> _AIM OF THE EXERCISE_: From the first line to the last, transcribe the data exactly and skip the pictures.

> _SOURCE MATERIAL_:
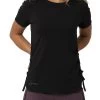 Maria Active W - T-Shirt - Damen -Outdoor Sportbekleidung Geschäft d1390 lamunt maria active tee 2237644 939451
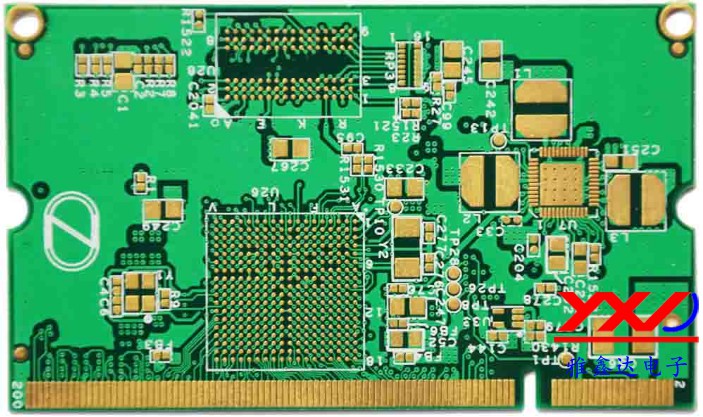 多層PCB線(xiàn)路板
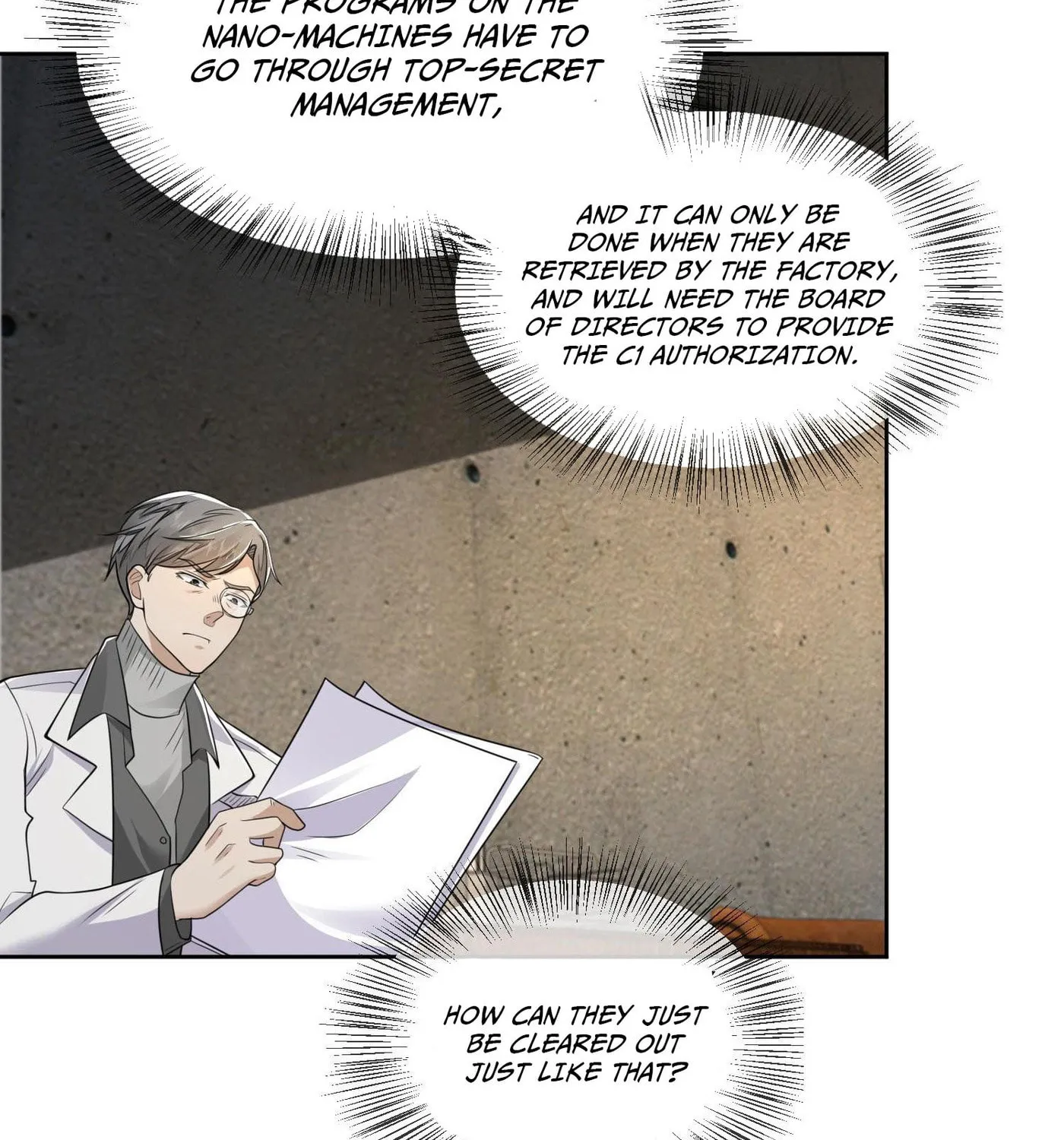 Read The First Sequence chapter 129 image 12 on Lezhin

> _YOUR SOLUTION_:
 Maria Active W - T-Shirt - Damen -Outdoor Sportbekleidung Geschäft d1390 lamunt maria active tee 2237644 939451
 多層PCB線(xiàn)路板
 Read The First Sequence chapter 129 image 12 on Lezhin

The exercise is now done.